The report also called for:
• Expansion of the US Strategic Petroleum Reserve’s capacity, and updating its release authority to reflect modern oil markets.
• The US Department of Defense and DOE to continue research and development of biofuels, which would be compatible with existing petroleum distribution systems.
• An ambitious integration of Canadian, Mexican, and US energy markets, and promotion of programs to help Caribbean nations diversify their supplies.
• Congressional approval of DOE’s request for $10 million in fiscal 2016 to help update estimates of methane emissions from gas wells, pipelines, and local distribution systems.
• Programs to help train more workers to inspect, maintain, and replace energy TS&D systems.
Oil and gas association officials said on Apr. 21 that the initial QER recommendations, which also include several for electricity, highlight the need to improve the national energy infrastructure.

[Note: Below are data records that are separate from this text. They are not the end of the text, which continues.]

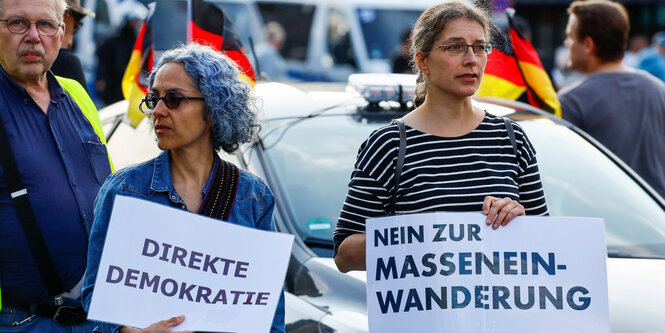 Zwei Demonstrantinnen in Solingen fordern direkte Demokratie und Remigration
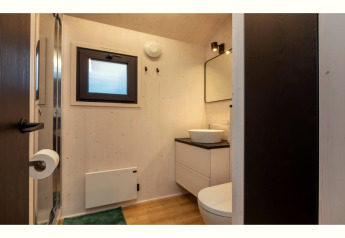Salle de bain moderne dans la tinyhouse « La Mouette » aux Pays-Bas, avec lavabo, miroir et fenêtre.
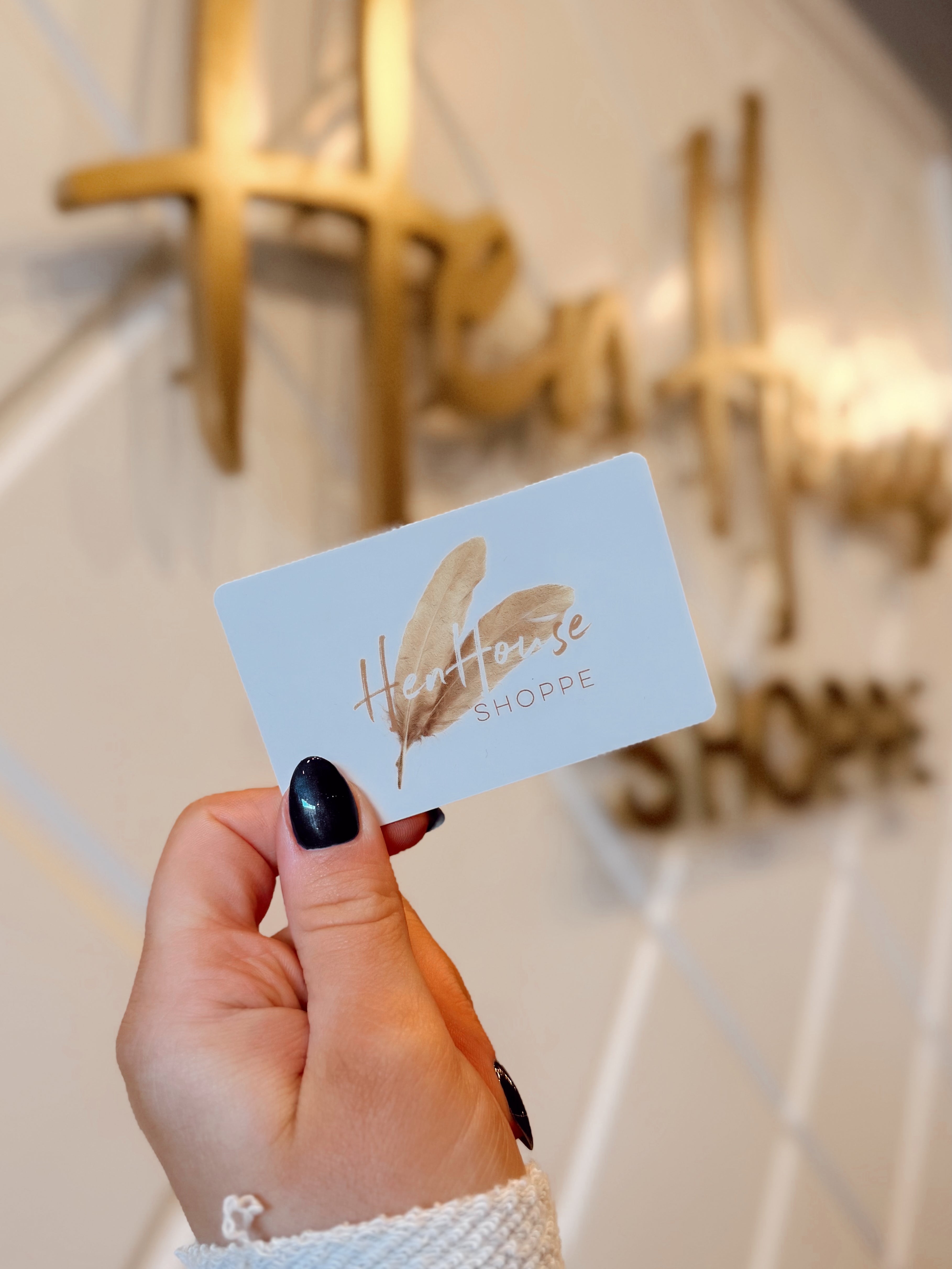 A hand with black nail polish holds a GIFT CARD in front of a blurred Hen House Shoppe sign on a patterned wall.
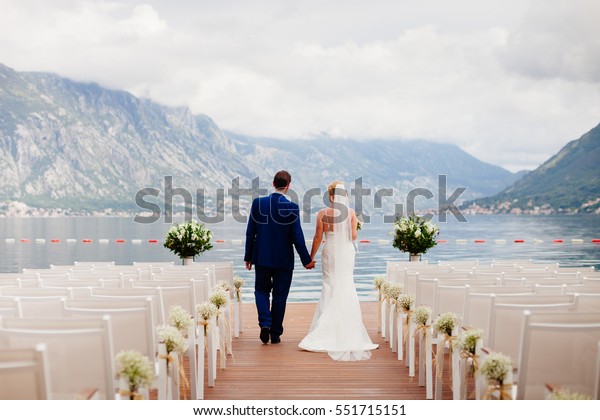 wedding couple\
at destination wedding ceremony. Mountains and sea view in\
Montenegro. Picturesque wedding\
location.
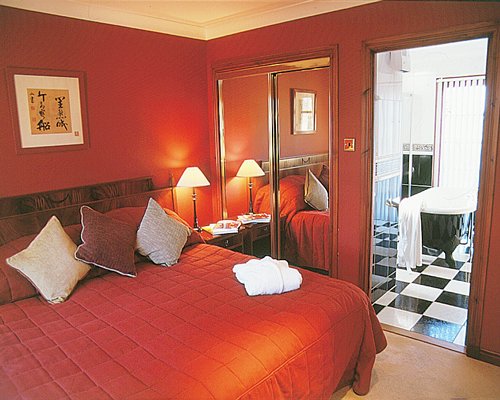 A well furnished bedroom with a king bed.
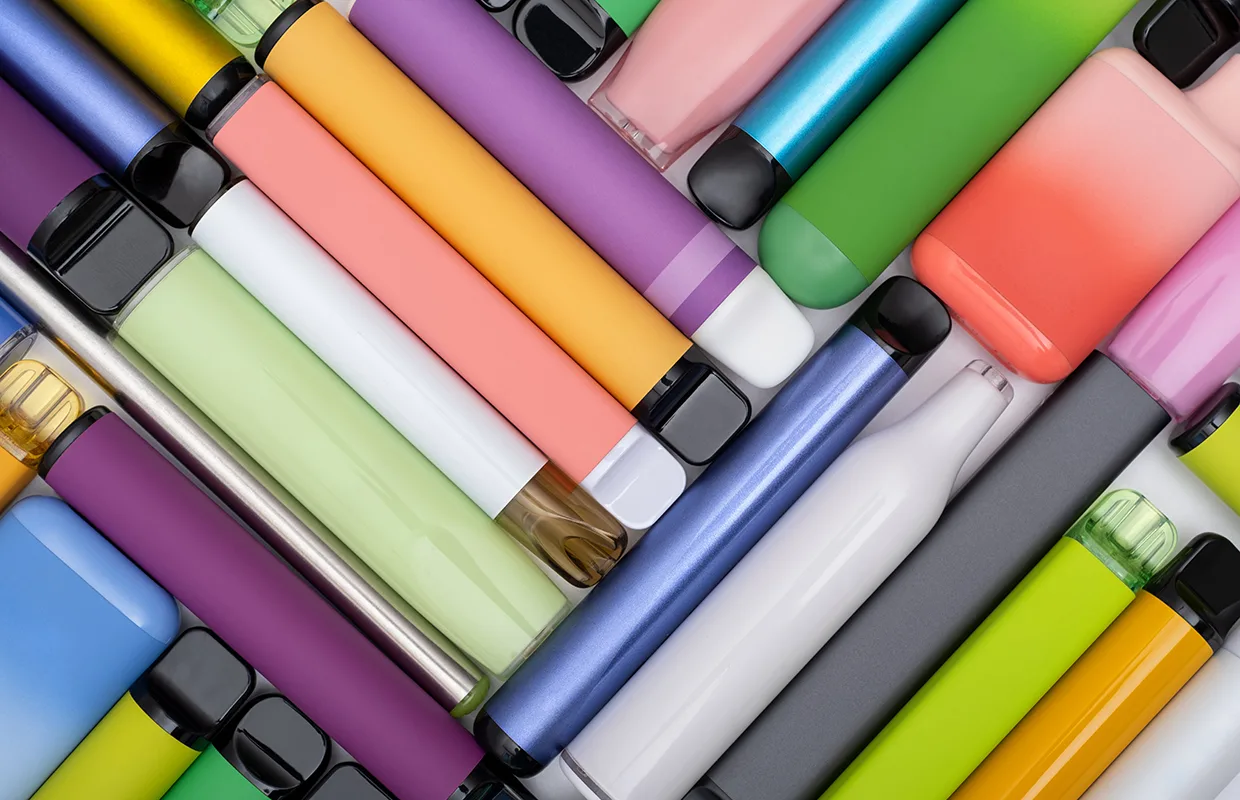 Synthetic nicotine concept. Various disposable electronic cigarettes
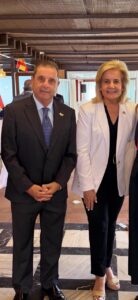 Un hombre y una mujer posan en un salón con una bandera española al fondo.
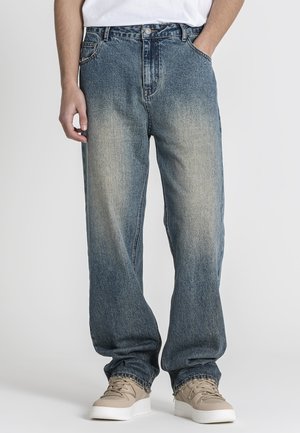 Homme portant un jean bleu délavé à coupe ample, des baskets beiges et une chemise blanche, une main dans la poche, sur un fond uni.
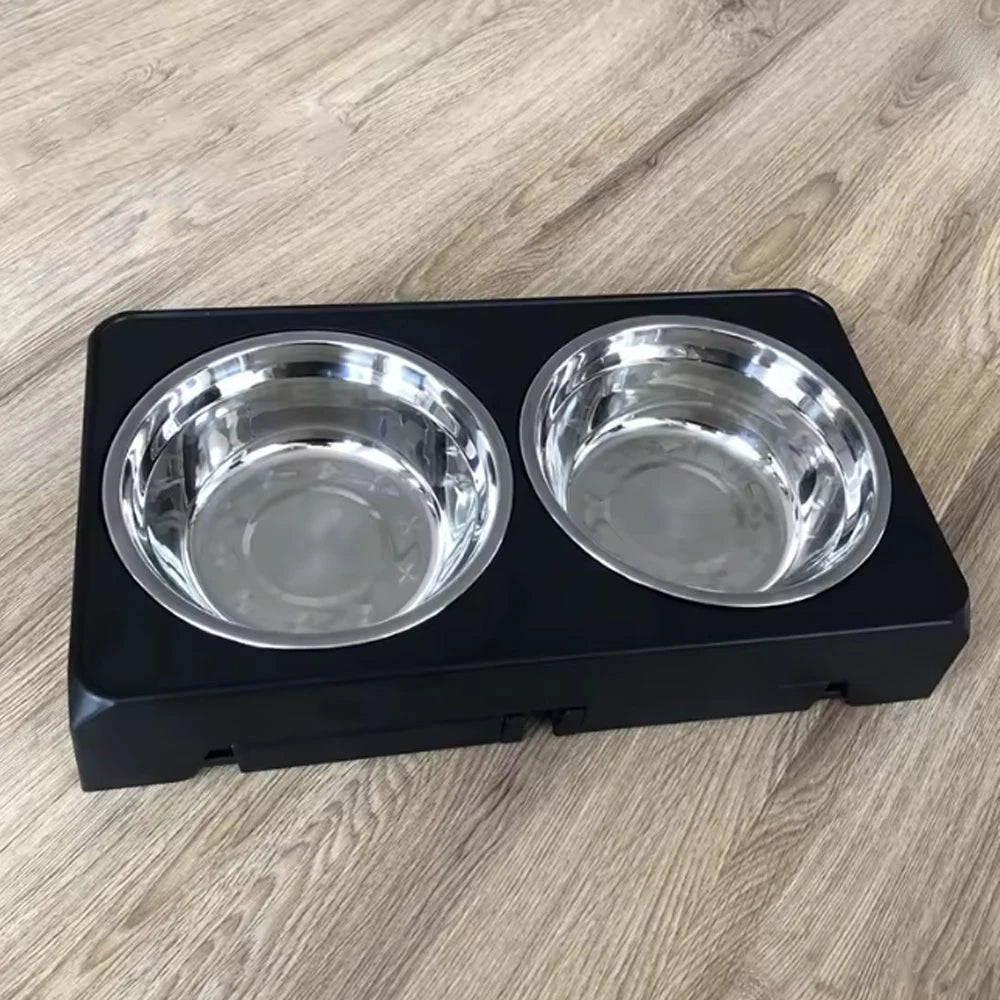 A black adjustable raised dog feeder with two stainless steel bowls resting on a light wood surface.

“[It] reflects DOE’s own prediction that by 2040 Americans will still need oil and natural gas to meet more than 60% of their energy needs,” American Petroleum Institute Executive Vice-Pres. Louis Finkel said. “If the president wants to achieve our nation’s full energy potential and play a key role in this equation, he should put this industry to work.”
US gas supply and production areas have shifted and expanded in the last 10 years, and more demand for gas to generate power and manufacture goods will lead to adjustments in regional consumption patterns, Natural Gas Supply Association Pres. Dena E. Wiggins predicted. “Building new infrastructure and optimizing the efficient use of our current pipeline and LNG infrastructure is essential,” she said.
Interstate Natural Gas Association of America Pres. Donald F. Santa said the QER’s first volume also recommends greater coordination across agencies, cost recovery, and greater resources for key federal agencies involved in the siting, permitting, and review of infrastructure projects, including pipelines.
“We appreciate, as well, the recognition of the need for statutory reforms to improve coordination across agencies involved in authorizing and permitting energy infrastructure projects,” Santa said.
American Gas Association Pres. David K. McCurdy said gas utilities already are focused on upgrading and modernizing LDS, and 38 states now have specific rate mechanisms to foster accelerated replacement of pipelines. AGA members’ concerted efforts to replace local lines also have contributed to methane emissions reductions, he said.